Many labor leaders claim that Joe Biden is “the most pro-union president.” While we appreciate that President Biden has expressed pro-union sentiments, strengthened the NLRB, nominated a pro-union Secretary of Labor and signed the historic Postal Service Reform Act, the labor struggle in rail was a fundamental test of “Which Side Are You On,” to quote the old labor song. This Administration and the majority of the Democratic-controlled House of Representatives and Senate failed the test by imposing a TA rejected by workers and without legislating paid sick time and fair scheduling. Unfortunately, the AFL-CIO’s top leadership failed to organize a united resistance to the pending Congressional action against the railroad workers, nor have they condemned Congress’ overriding the workers’ collective bargaining rights, along with their right to strike.

Negotiations, and the prospects of strikes, are about power and leverage. At a moment when the railroad workers had maximum power in relation to the supply chain and the need for their essential work, the White House and the Democratic and the Republican Party leadership put their fingers on the scale and tipped it in favor of corporate America at the expense of the workers and human decency.

It is unconscionable for any workers to have so little control over work schedules and receive no paid sick leave.
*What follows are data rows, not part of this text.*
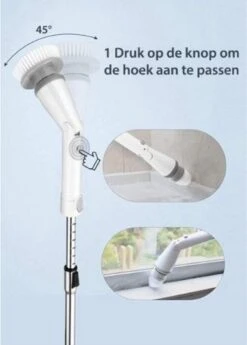 Elektrische Scrubber - Veelzijdige Schrobborstel - Elektrische Schoonmaakborstel - Binnen En Buiten Schoonmaken -Huishoud Verkoop 859x1200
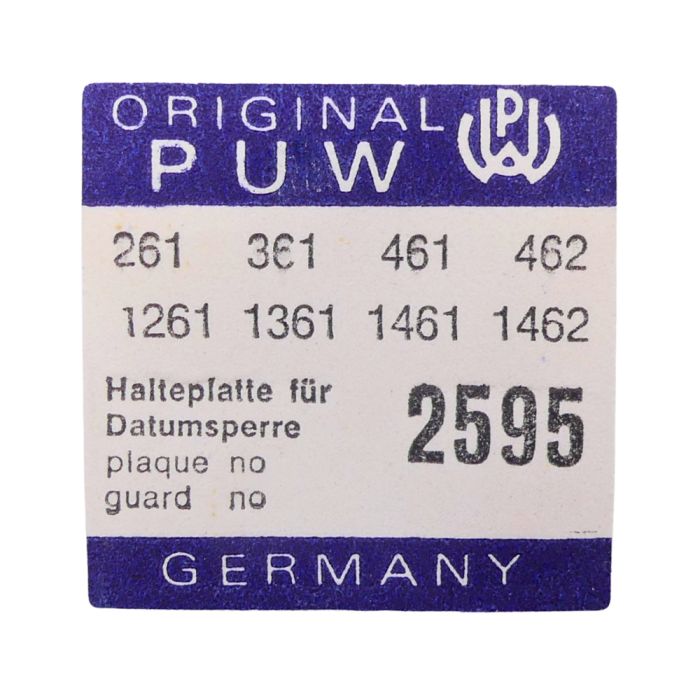 PUW 261 - 2595 Plaque de maintien pour sautoir (à l'unité) - Guard for jumper (per unit)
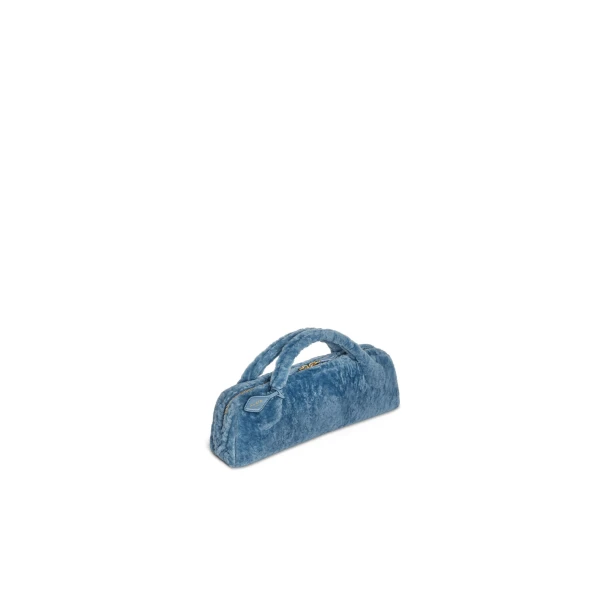 Alaïa Le Teckel Clutch In Shaved Shearling - Alaia Bags - Laser Cut Luxury - Shop at Luxury Shoes 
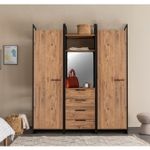 Casa si Gradina - Mobilier - Dulapuri si sifoniere - Sifoniere - Sifonier, Hanah Home, pal melaminat, pin atlantic, 64x225x52 cm - Infinity.ro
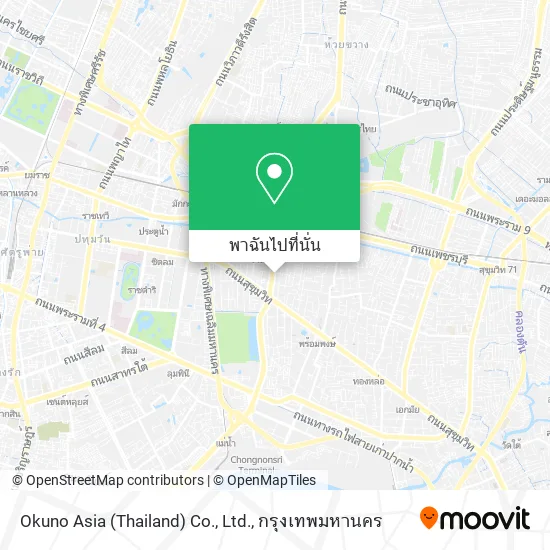 Okuno Asia (Thailand) Co., Ltd. แผนที่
The struggle for dignity and respect for railroad workers and their justified quest for a better quality of life will undoubtedly continue, and the APWU stands with these workers and all workers seeking equity and justice.

Congress “justified” their anti-union actions by claiming that it was in the “national interest” to stop a rail strike. If they truly care for the national interests rather than the massive private profits and greed of Wall Street and the rail owners, then Congress should seriously consider nationalizing the railroads and running the essential rail network of our country as a national public treasure similar to the public Postal Service – and afford full collective bargaining rights for the workers.